Über Japan war im Westen im 19. Jahrhundert nur wenig bekannt. Nach der gewaltsamen Öffnung des Landes durch die US-Marine (1853/54) verfolgten die Japaner nach weiteren, tiefgreifenden Umbrüchen das Ziel, ihr Land nach westlichem Vorbild zu modernisieren. Auf der Pariser Weltausstellung 1967 sorgte Japan für einen regelrechten Hype. Auch die Künste in Europa gerieten im 19. Jahrhundert in diesen Sog einer neuen, exotisch anmutenden Ästhetik.
Ein steiniger Weg
Zuvor musste die Idee aber noch mehrere Monate reifen, ehe sich Puccini mit diesem Stoff an seinen Verleger Ricordi wandte. Als Librettisten konnte er seine beiden Stammschreiber Giuseppe Giacosa und Luigi Illica verpflichten, die auch schon für „La Bohème“ und „Tosca“ die jeweiligen Texte verfasst hatten. Im September 1901 schließlich wurde die Genehmigung für die Vertonung des Belasco-Dramas erteilt.
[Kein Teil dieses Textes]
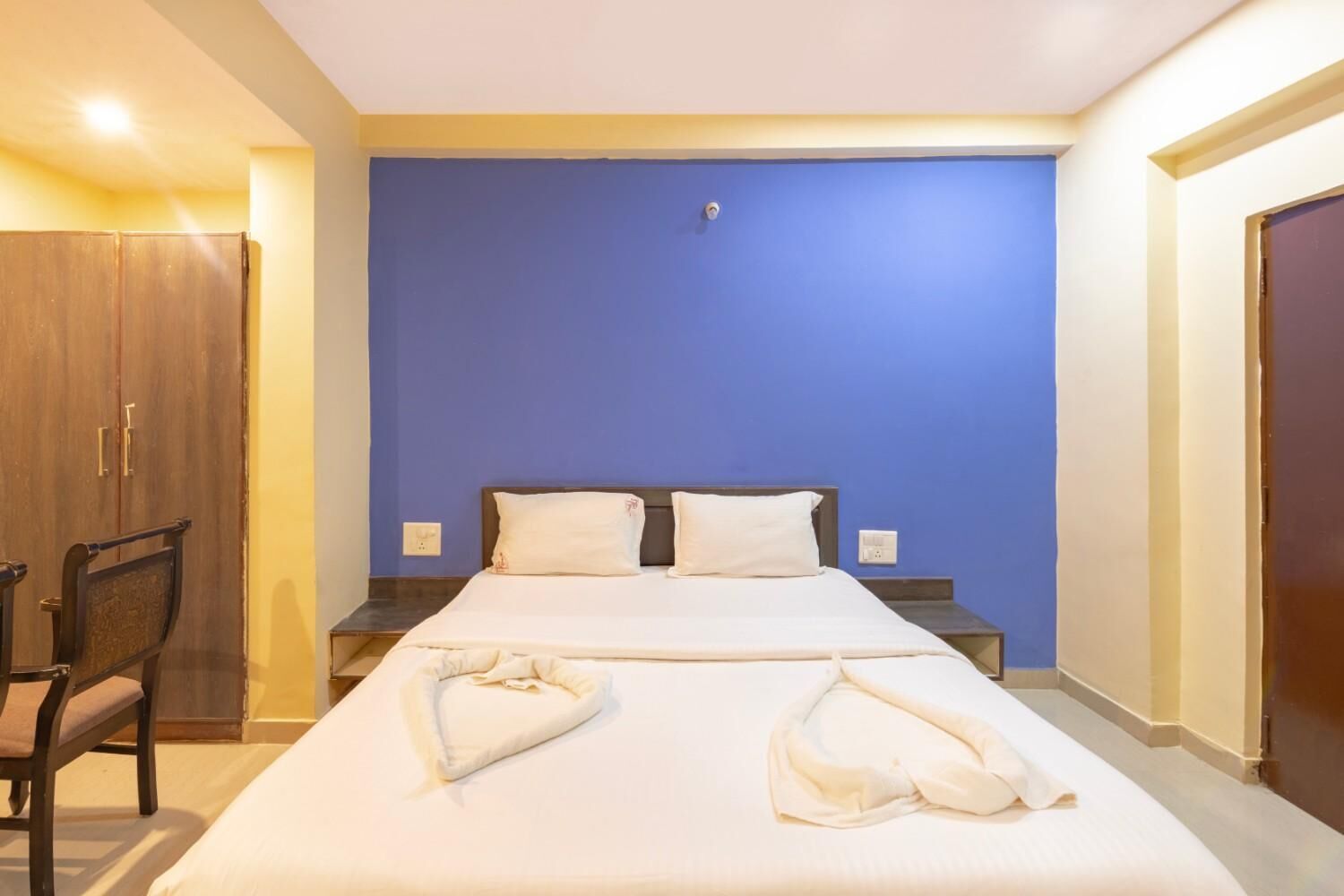 Ett hotellrum med en stor säng, två kuddar, en garderob i trä och en stol.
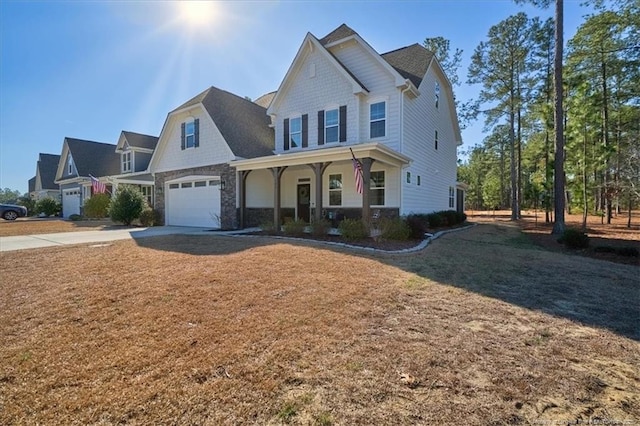 view of front of property featuring covered porch and a front yard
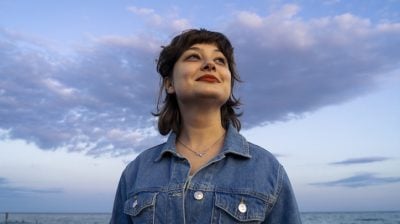 Illustrative image of a smiling person holding their head up high against a cloudy background.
Weder Schaffenskrisen noch ein schwerer Autounfall (Puccini war eines der frühesten bekannten Opfer eines Autounfalls) hielten ihn von seiner Arbeit ab: Am 27. Dezember 1903 war die Oper fertig. Die Uraufführung fand am 17. Februar 1904 am Mailänder Teatro alla Scala statt – und wurde zum größten Misserfolg für den Italiener. Puccini zog die Partitur noch am selben Tag zurück und sagte die geplante Aufführung in Rom ab.
Später Erfolg
Ob sich dieses Debakel auf den nur wenige Wochen zuvor ausgebrochenen russisch-japanischen Krieg zurückführen lässt oder vielleicht sogar auf eine persönliche Intrige gegen den Komponisten, ist unklar. Puccini begann jedenfalls direkt nach der Uraufführung, die Oper zu überarbeiten. Die zweite Fassung, uraufgeführt am 28. Mai 1904 in Brescia, war ein absoluter Erfolg, der den anschließenden internationalen Siegeszug der Oper begründete. Weitere Überarbeitungen folgten – meist immer dann, wenn Puccini selbst bei den Aufführungsproben anwesend war.
Wie kaum ein anderes Werk behandelt „Madama Butterfly“ die Konflikte zwischen den beiden Kulturen. Puccini verstand es wie kein Zweiter, diese Konflikte musikalisch subtil zu gestalten und gleichzeitig Mitleid für die naive Titelheldin zu erregen. Erst den vielen Überarbeitungen ist es zu verdanken, dass sich das Werk auf die bedauernswerte Figur der Butterfly konzentriert, die der Oper ihre unfehlbare Wirkung verleiht.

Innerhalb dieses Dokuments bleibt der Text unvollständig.